History Lesson – 2003

>The Washington Glass School celebrates its 10th year anniversary in 2011, archives and photos are being searched for the nuggets of history and indicators of the path we traveled.
We often work with the school systems and offer ways to have middle school students come to the Glass School for
free for an afternoon of creating cast glass tiles – a way to outreach to the schools and integrate their courses in math, science, physics, and art with a practical and hands-on application.

Tim Tate lectures the class from Stuart Hobsen, 2003.


Way back in 2003, the glass school was located in the District on Half Street, SE (the site is now part of the outfield of the Nationals baseball stadium). One of the schools that took us up on the offer was DC’s Stuart Hobson Middle School. Part of the educational section of the class was to review a quick history of studio glass art; with an emphasis on contemporary masters. One of the students mentioned during the art history lesson that his uncle sometimes paints on glass. (Tim Tate’s response: that’s great kid.)

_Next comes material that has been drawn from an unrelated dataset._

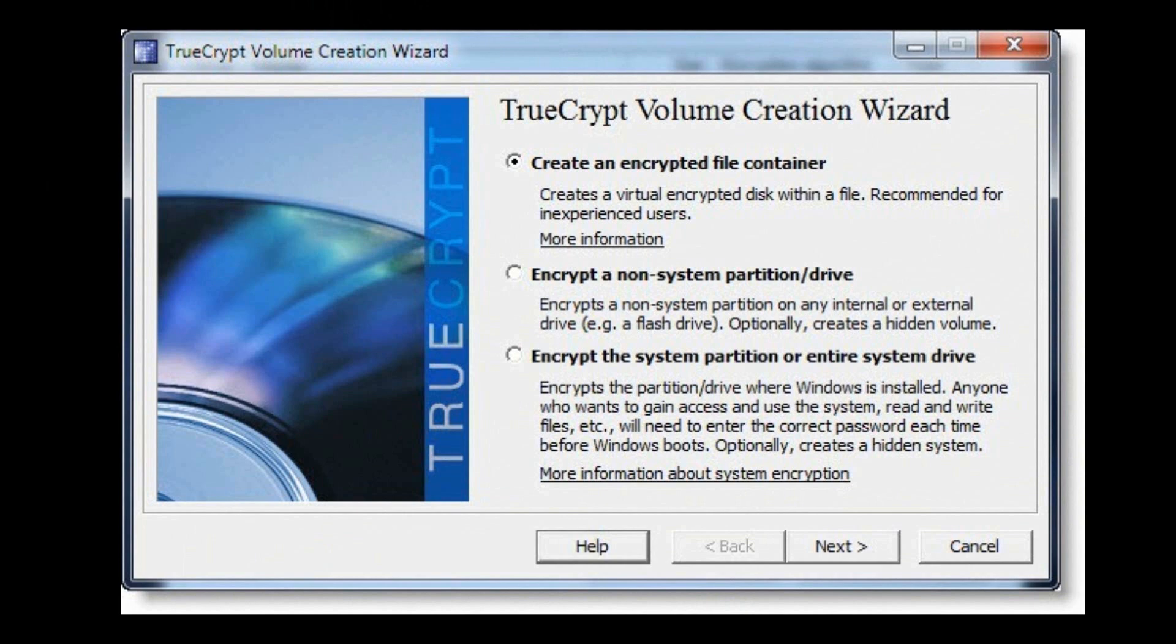You can do a certain volume or an entire flash drive. Or you can do your whole Windows system drive, which basically every time you turn your computer on, before Windows even starts, you have to type a password in.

Glass artist Therman Statom was discussed – as he grew up in Washington, DC, and that prompted the boys in the back into giggling fits. It turned out student was none other than Therman’s nephew, Jevon. He never knew that his uncle was considered to be a master of his craft.

Therman Statom

“Chair” Circa 1992

assembled glass sculpture with mixed media

53 X 48 X 32″

The class continued, with books and art magazines pulled out to show that every issue had an article or exhibition that featured Therman’s work. Jevon was taken aback at the celebrity factor of his uncle. Jevon later wrote a nice thank-you letter to the School:

Jevon Statom’s letter dated 11/19/03:
Dear Mr Tate & Staff
I want to thank you for letting my classmates
and I come to your shop. You taught me about glass.
I really appreciate you that you did all of this for free.
I am really excited that you acknowledged my uncle, Therman
Statom. I know that he was famous, but not that famous,
especially in DC. I really enjoyed the glass sculptures that
were on display, and how to find the tinted side of
glass. You have inspired me to try glass art for a while.
Sincerely
Therman’s nephew,
Jevon Statom

Tim Tate & Jevon Statom 2003

A nice footnote to the story – a few years later, we were able to repeat the story to Therman Statom when he taught at the Washington Glass School – as part of a James Renwick Alliance Distinguished Artist series in 2006.